═══ ENTRIES PROVIDED ═══

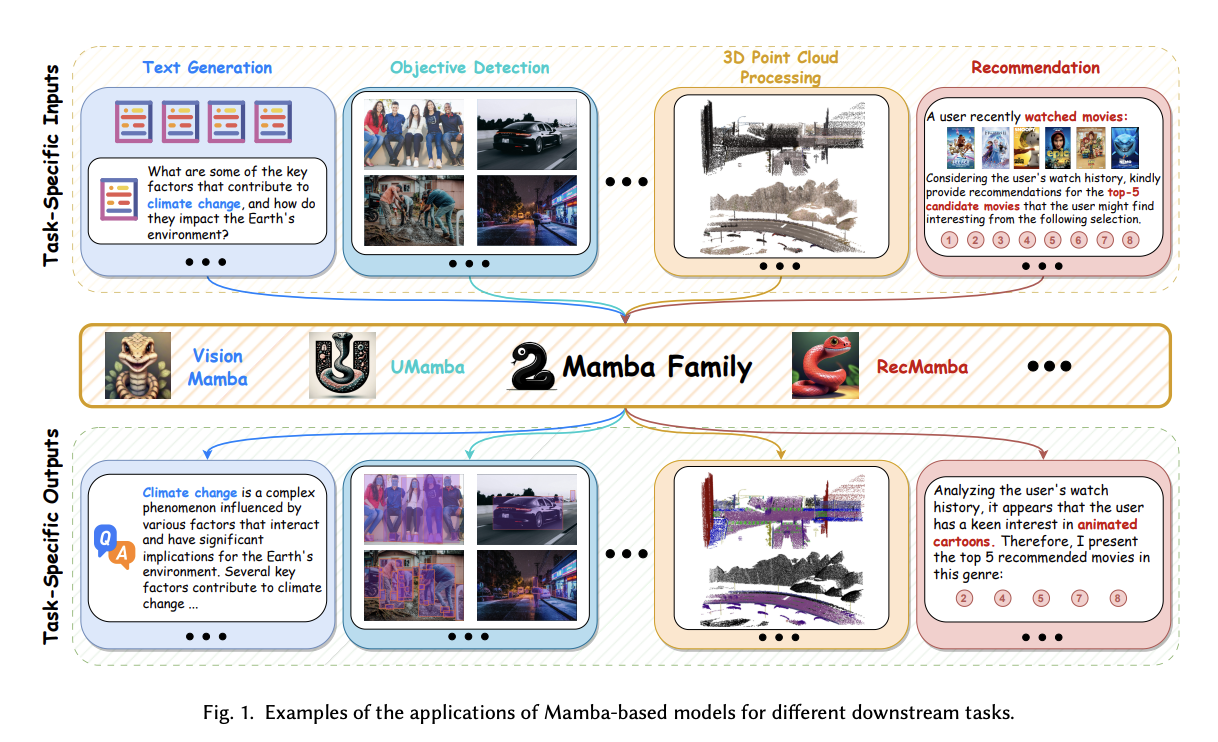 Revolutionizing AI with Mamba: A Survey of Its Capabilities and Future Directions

═══
═══ ENTRIES PROVIDED ═══

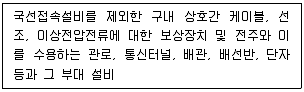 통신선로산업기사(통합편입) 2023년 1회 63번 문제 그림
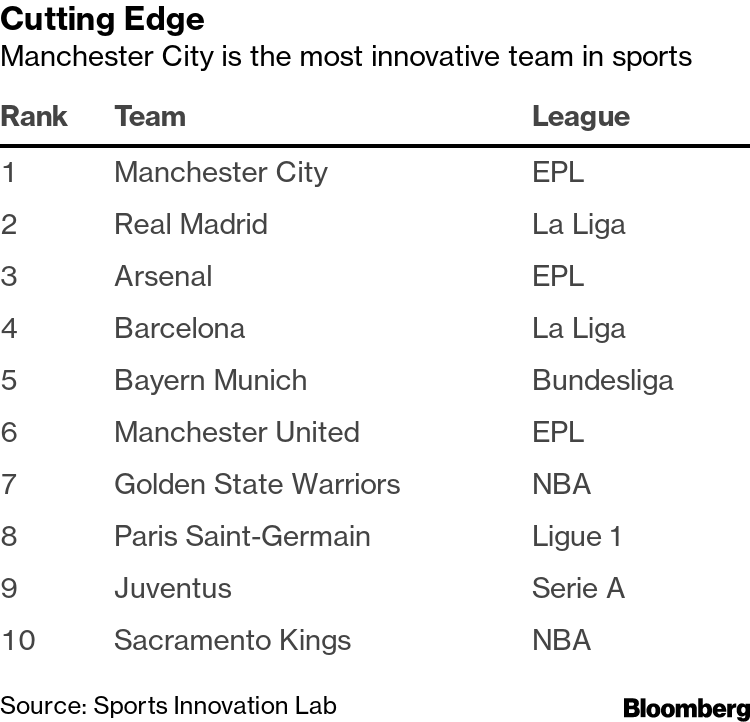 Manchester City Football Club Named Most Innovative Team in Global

═══
═══ ENTRIES PROVIDED ═══

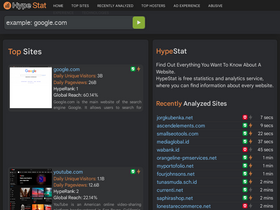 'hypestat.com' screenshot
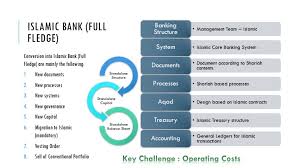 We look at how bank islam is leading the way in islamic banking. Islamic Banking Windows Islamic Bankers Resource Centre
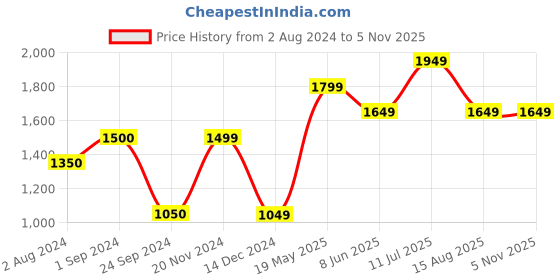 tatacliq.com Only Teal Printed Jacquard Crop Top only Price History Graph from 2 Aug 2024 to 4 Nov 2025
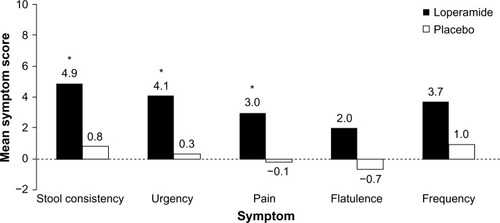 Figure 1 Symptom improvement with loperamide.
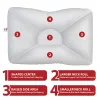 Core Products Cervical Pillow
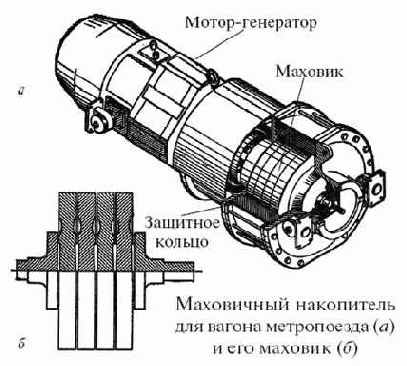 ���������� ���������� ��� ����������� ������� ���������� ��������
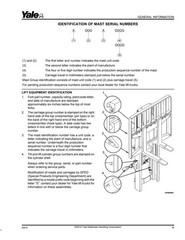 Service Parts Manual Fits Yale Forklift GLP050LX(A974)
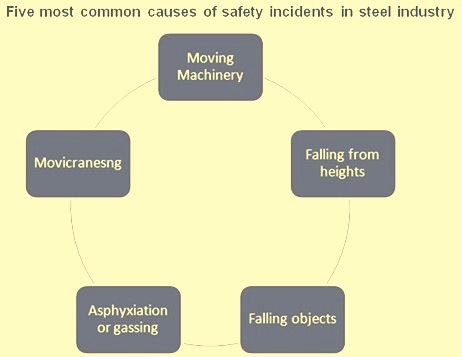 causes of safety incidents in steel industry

═══

= AIM OF THE TASK =
Reproduce, word for word, only the lines in the records above from the line with "We look at how" through the line with "Service Parts Manual", including both ends; omit the pictures.

= YOUR SOLUTION =
 We look at how bank islam is leading the way in islamic banking. Islamic Banking Windows Islamic Bankers Resource Centre
 tatacliq.com Only Teal Printed Jacquard Crop Top only Price History Graph from 2 Aug 2024 to 4 Nov 2025
 Figure 1 Symptom improvement with loperamide.
 Core Products Cervical Pillow
 ���������� ���������� ��� ����������� ������� ���������� ��������
 Service Parts Manual Fits Yale Forklift GLP050LX(A974)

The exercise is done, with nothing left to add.